What to do
Take the entries that follow and return exactly the lines from the one holding "CAVEEM Scrubber Esfoliante" through the one holding "Venezuela - 500", both included. Nothing else is needed.

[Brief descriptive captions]
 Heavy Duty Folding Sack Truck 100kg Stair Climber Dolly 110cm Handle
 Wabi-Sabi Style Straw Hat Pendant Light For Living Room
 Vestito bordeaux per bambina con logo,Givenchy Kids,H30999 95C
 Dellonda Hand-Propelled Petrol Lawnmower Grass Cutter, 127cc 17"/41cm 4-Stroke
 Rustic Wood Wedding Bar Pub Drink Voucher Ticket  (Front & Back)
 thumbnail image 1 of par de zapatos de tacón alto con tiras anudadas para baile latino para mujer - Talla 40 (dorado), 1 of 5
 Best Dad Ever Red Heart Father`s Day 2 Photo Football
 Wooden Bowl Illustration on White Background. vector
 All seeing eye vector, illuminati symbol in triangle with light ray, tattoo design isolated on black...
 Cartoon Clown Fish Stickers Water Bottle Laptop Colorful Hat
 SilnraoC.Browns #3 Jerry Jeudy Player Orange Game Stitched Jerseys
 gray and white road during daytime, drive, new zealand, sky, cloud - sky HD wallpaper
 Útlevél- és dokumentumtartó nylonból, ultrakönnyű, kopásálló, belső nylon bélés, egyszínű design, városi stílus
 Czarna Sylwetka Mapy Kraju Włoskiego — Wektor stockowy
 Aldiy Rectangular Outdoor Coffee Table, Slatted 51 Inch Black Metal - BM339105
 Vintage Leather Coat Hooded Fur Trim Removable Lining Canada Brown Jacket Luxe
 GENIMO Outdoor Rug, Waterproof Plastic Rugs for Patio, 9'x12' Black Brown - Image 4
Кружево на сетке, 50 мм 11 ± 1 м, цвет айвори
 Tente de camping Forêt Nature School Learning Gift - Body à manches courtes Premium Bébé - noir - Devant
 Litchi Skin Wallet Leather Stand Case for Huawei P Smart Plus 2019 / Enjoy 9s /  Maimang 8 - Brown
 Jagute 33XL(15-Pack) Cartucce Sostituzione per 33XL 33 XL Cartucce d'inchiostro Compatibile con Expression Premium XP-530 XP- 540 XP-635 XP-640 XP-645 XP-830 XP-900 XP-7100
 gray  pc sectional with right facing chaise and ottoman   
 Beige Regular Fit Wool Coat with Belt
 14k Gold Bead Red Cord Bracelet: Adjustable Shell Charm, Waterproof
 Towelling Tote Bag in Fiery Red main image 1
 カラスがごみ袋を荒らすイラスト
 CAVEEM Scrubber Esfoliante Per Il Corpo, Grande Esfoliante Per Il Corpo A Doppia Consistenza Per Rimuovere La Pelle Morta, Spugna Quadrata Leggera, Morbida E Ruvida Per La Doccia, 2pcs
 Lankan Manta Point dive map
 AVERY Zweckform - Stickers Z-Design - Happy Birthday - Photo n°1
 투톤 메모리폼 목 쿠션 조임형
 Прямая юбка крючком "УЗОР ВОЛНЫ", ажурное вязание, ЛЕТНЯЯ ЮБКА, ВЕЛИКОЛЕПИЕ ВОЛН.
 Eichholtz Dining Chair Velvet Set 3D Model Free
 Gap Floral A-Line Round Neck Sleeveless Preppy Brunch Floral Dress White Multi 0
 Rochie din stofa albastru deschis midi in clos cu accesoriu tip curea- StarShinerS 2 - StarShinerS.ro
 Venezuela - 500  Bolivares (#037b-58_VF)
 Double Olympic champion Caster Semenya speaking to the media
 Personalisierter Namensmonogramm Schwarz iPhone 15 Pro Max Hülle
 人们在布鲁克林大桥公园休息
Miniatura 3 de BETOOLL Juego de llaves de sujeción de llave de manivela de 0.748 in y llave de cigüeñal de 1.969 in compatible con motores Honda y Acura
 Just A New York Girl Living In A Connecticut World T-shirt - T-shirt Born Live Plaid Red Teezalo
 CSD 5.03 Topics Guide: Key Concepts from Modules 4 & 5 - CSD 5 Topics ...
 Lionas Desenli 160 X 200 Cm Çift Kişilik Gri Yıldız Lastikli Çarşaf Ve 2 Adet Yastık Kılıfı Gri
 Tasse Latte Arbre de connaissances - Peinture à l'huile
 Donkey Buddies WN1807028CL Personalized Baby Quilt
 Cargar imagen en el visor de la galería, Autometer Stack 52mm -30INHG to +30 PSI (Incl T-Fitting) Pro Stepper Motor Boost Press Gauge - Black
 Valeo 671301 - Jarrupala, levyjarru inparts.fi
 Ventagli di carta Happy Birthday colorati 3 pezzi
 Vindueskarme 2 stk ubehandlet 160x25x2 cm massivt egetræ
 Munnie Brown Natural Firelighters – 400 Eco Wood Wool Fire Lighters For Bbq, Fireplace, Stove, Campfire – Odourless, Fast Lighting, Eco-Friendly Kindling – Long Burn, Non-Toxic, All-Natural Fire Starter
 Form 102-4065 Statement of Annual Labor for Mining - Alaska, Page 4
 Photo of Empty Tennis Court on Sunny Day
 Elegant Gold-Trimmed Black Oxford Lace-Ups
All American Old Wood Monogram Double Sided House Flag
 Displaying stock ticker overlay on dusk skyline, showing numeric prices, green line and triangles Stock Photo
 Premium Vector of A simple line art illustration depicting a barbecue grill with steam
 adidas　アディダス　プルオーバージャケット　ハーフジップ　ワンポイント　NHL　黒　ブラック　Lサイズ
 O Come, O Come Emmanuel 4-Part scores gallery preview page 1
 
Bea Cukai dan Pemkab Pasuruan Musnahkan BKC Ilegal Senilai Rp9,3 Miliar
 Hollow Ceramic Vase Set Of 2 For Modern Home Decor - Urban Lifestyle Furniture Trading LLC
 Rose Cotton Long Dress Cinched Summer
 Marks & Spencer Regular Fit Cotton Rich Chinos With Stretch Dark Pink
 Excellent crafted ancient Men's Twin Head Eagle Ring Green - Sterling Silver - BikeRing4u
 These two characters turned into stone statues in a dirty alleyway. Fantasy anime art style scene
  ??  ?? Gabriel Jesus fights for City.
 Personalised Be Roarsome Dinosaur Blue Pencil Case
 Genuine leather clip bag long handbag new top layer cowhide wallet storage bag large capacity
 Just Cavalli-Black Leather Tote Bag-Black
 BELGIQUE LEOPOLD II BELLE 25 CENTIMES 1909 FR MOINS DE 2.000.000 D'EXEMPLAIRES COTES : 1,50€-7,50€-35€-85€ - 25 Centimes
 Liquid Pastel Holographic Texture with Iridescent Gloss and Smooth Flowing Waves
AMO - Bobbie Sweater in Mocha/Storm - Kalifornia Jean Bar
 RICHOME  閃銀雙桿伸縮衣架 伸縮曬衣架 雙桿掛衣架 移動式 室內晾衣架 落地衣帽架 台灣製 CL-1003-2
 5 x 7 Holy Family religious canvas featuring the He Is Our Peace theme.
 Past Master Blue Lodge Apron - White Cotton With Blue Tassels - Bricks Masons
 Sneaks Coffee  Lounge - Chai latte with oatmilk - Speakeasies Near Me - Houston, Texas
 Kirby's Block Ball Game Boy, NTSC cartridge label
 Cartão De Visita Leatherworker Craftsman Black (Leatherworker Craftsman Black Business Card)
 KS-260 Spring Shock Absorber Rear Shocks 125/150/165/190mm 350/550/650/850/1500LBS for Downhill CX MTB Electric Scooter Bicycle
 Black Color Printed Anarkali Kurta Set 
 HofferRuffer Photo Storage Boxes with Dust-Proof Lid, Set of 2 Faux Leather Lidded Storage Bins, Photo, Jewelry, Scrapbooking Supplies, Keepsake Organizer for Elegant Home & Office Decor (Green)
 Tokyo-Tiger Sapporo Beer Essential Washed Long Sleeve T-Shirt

Exercise output
 CAVEEM Scrubber Esfoliante Per Il Corpo, Grande Esfoliante Per Il Corpo A Doppia Consistenza Per Rimuovere La Pelle Morta, Spugna Quadrata Leggera, Morbida E Ruvida Per La Doccia, 2pcs
 Lankan Manta Point dive map
 AVERY Zweckform - Stickers Z-Design - Happy Birthday - Photo n°1
 투톤 메모리폼 목 쿠션 조임형
 Прямая юбка крючком "УЗОР ВОЛНЫ", ажурное вязание, ЛЕТНЯЯ ЮБКА, ВЕЛИКОЛЕПИЕ ВОЛН.
 Eichholtz Dining Chair Velvet Set 3D Model Free
 Gap Floral A-Line Round Neck Sleeveless Preppy Brunch Floral Dress White Multi 0
 Rochie din stofa albastru deschis midi in clos cu accesoriu tip curea- StarShinerS 2 - StarShinerS.ro
 Venezuela - 500  Bolivares (#037b-58_VF)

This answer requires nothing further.